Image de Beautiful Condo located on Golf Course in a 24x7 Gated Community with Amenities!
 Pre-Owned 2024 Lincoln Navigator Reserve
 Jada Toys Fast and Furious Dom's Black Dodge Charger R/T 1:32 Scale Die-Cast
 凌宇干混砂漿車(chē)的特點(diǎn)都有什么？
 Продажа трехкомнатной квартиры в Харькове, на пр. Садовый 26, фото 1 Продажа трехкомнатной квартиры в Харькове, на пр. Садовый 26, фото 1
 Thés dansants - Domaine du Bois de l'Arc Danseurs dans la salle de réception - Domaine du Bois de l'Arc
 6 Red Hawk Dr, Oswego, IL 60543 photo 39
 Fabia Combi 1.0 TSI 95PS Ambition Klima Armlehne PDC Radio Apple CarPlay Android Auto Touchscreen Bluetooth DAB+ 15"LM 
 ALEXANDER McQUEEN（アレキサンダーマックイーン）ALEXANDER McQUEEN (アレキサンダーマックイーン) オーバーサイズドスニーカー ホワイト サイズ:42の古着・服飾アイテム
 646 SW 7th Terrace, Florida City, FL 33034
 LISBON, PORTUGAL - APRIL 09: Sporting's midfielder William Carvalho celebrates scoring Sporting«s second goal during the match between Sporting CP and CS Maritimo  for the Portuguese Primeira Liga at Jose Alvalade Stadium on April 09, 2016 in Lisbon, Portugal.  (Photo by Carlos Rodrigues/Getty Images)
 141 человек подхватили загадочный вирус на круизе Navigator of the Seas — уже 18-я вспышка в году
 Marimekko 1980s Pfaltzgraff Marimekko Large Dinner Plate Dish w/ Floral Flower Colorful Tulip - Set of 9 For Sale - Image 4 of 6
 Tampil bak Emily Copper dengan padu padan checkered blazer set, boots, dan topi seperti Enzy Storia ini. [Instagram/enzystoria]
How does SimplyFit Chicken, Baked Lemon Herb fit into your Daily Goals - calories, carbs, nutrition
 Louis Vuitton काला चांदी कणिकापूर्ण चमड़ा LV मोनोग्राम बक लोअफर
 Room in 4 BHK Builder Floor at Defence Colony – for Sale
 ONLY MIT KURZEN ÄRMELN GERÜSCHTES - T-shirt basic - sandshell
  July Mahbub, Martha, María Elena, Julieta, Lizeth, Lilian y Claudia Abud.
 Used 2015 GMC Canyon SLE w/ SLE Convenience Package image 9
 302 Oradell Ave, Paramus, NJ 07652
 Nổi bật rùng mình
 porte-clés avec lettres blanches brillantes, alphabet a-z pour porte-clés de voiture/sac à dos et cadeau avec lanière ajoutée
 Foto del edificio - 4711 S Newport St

== Work instruction ==
Using the listing above, pick out each line that contains the word "Sale", then copy it.

== Exercise result ==
 Marimekko 1980s Pfaltzgraff Marimekko Large Dinner Plate Dish w/ Floral Flower Colorful Tulip - Set of 9 For Sale - Image 4 of 6
 Room in 4 BHK Builder Floor at Defence Colony – for Sale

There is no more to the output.